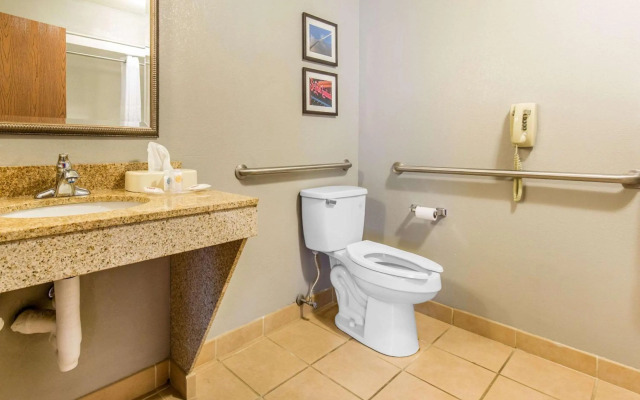 Comfort Suites Fairview Heights - St. Louis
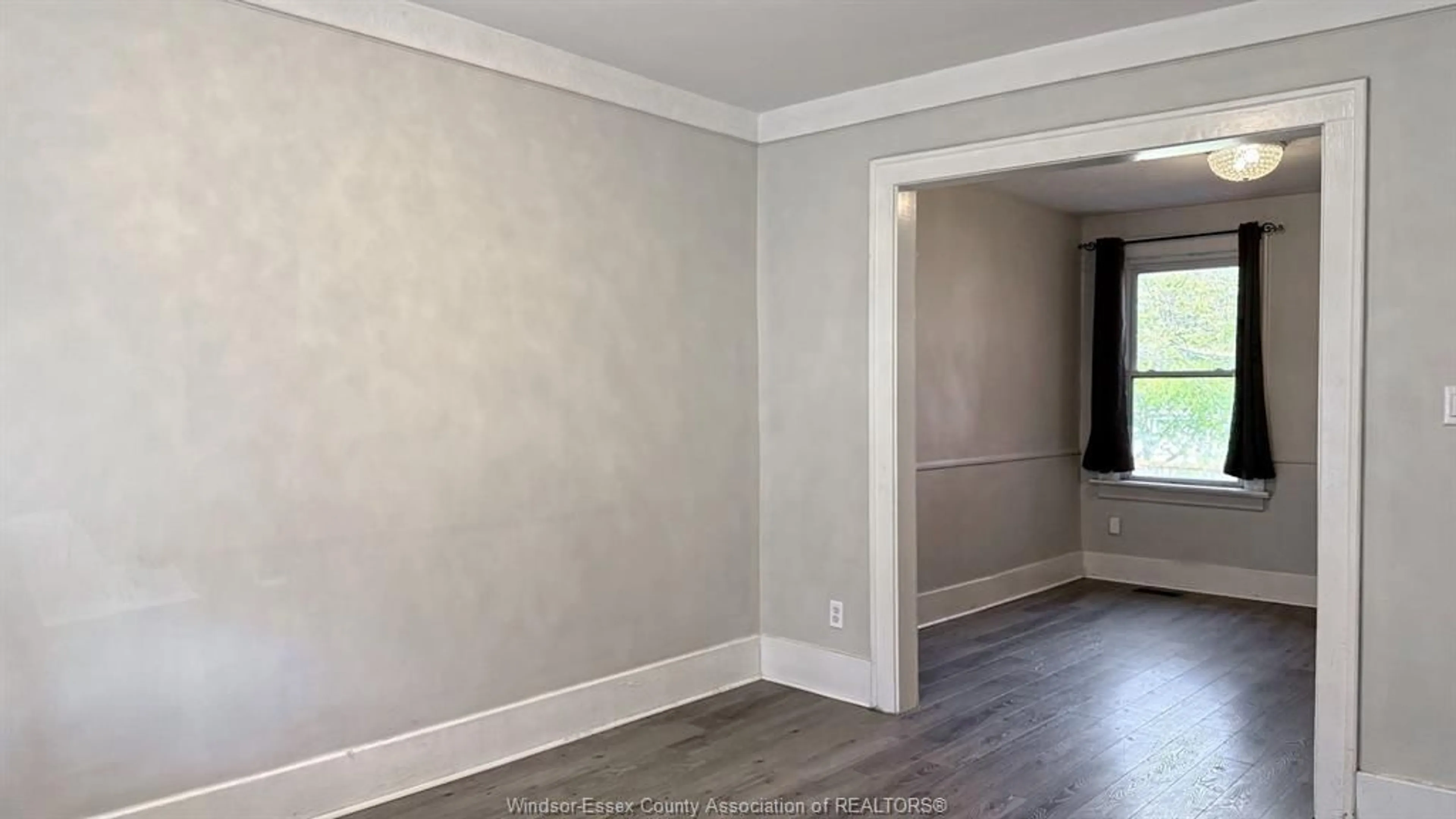 A pic of a room for 1424 Wyandotte St, Windsor Ontario N9B 1H4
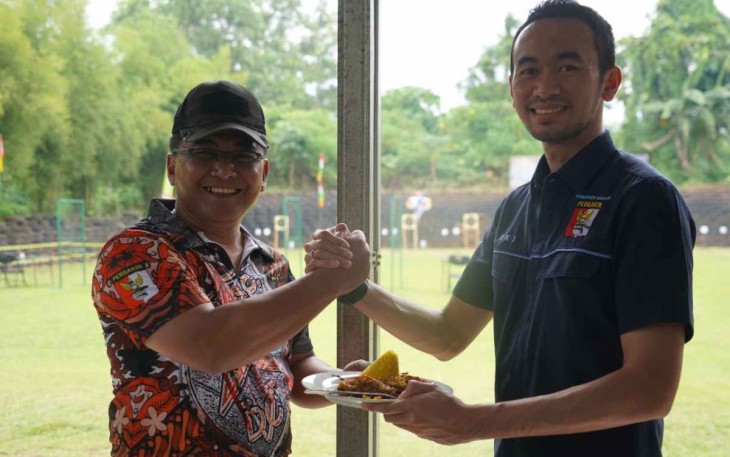 Danrem 064/MY Brigjen TNI Tatang Subarna saat syukuran lomba menembak dan peresmian musholla di Yonif 320/BP. Sabtu (1/10)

☆ ☆ ☆ ☆ ☆

§ **DIRECTIONS**
Return all of the lines above without alteration, minus the pictures.

§ **YOUR SOLUTION**
 Comfort Suites Fairview Heights - St. Louis
 A pic of a room for 1424 Wyandotte St, Windsor Ontario N9B 1H4
 Danrem 064/MY Brigjen TNI Tatang Subarna saat syukuran lomba menembak dan peresmian musholla di Yonif 320/BP. Sabtu (1/10)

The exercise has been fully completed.